The release drew curiosity from consumers as employees in stores were telling two different stories. From some, we heard that Elixir is a tremendous scent and was blended to be worn on its own. Whilst others were told that Elixir was meant to be layered with existing Sauvages.
For the benefit of the viewer, I tried both of these methods. But first, the basics.
Sauvage Elixir’s note breakdown has been updated since the news broke. The top contains Cinnamon, Nutmeg, Cardamom and Grapefruit. In the middle is Lavender, and the bottom consists of Sandalwood, Licorice, Amber, Patchouli and Haitian Vetiver.
The bottle is currently only available in a 60ml size and retails for $155 USD. Elixir’s bottle design is short and stout, with a blue lacquered finish and a cap that mirrors previous Sauvage releases.
After listening to all the hype that was produced by this release, I was excited about something that was supposed to be remarkable. What I received was a fragrance that seemed to derive from Axe Fresh with a small dose of a woodsy accord. In essence, this release is very generic.

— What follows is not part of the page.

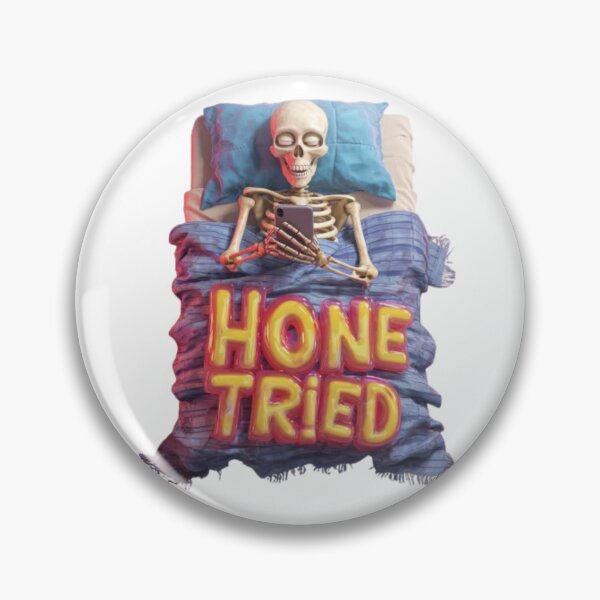 Artikelvorschau, Knochenmüdes Skelett im Bett | Lustiges Halloween T-Shirt entworfen und verkauft von AlexLineArt.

Lavender and Grapefruit work harmoniously with the dirtier notes of Sandalwood, Patchouli and Vetiver. The overall aroma of the scent was very disappointing as it was simply fresh and clean.
As it is a flanker of arguably the most popular scent from the last five years, we as consumers expected more. By no means is the scent poor as Dior released a scent that will be crowd-pleasing for a long time to come! I expected more unique features from a scent that was highly touted for such a prolonged period of time.
However, the narrative changes once layered with Sauvage EDT. Once utilized together, the best aspects of each scent seem to merge and project an aroma that is simply superior to its peers.
The freshness and floral accord of the EDT fuse with the dense woodsy notes in order to create the shower gel scent to end all. After about 14 hours, the combination lingered on my hand with projection concluding at around the three-hour mark.
I was in disbelief to see a scent that was so disappointing transform into something so exceptional. In my best description, the fragrance oozes sex appeal with its use of fresh citrus’ and neat florals. The back end is held up by the Ambroxan and Cedar from the EDT, whilst consolidating with Sandalwood.
Dior Sauvage Elixir is worth buying but, I would only recommend it if you are looking to only have one blue fragrance in your collection or you intend to layer it with a previous version of Sauvage. For fragrance collectors, Elixir is redundant to Bleu de Chanel and other impeccable blue scents. The scent on its own is simply elementary and unsatisfying.